Becoming a Cannes Lions victor ensures a lasting legacy for winners – but what of the decisions that secured such accolades?
Campaign spoke to some Cannes jurors to explain the reasoning behind their choices, the trends they noticed and what this year’s entries say about the direction and creativity of the industry as a whole.
One trend noted by some jurors was that purposeful ads dominated while there few laughs to be had, perhaps reflecting the testing times of late.

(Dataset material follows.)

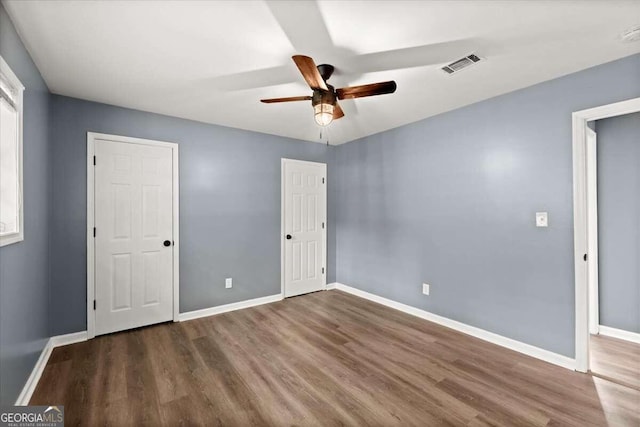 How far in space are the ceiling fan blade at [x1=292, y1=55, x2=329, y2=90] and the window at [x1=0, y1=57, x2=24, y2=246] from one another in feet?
5.39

This is what they had to say:
Digital Craft Lions
Managing director, Stink Studios, UK
The first big trend we saw was around gaming. Astronomical won the Grand Prix because it was such a powerful, intuitive, unique experience that could only exist in a game, and it sets an incredibly high bar in the gaming world — it’s an inspiring example of what you can do if you really show up there.

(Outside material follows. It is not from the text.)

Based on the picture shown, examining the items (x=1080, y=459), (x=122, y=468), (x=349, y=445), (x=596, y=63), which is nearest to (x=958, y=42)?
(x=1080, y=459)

We saw a lot of gaming entries that were very much not up to Grand Prix standard. Just because gaming is a relatively new metaverse, it shouldn’t be a bun fight for everyone to be on that platform. Astronomical shows it can be done in a powerful and relevant way, and provides a reference point for brands venturing into that space.
Data and creativity also really came together this year, thanks to the levels of AI and deep learning. Spotify's "Alone with me" showed how to make the most of owning all that first-party data, using it to speak one-on-one to the customer in a way that adds real emotional value. Many clients are still figuring out the whole data equation, which made this campaign a particularly relevant piece of work.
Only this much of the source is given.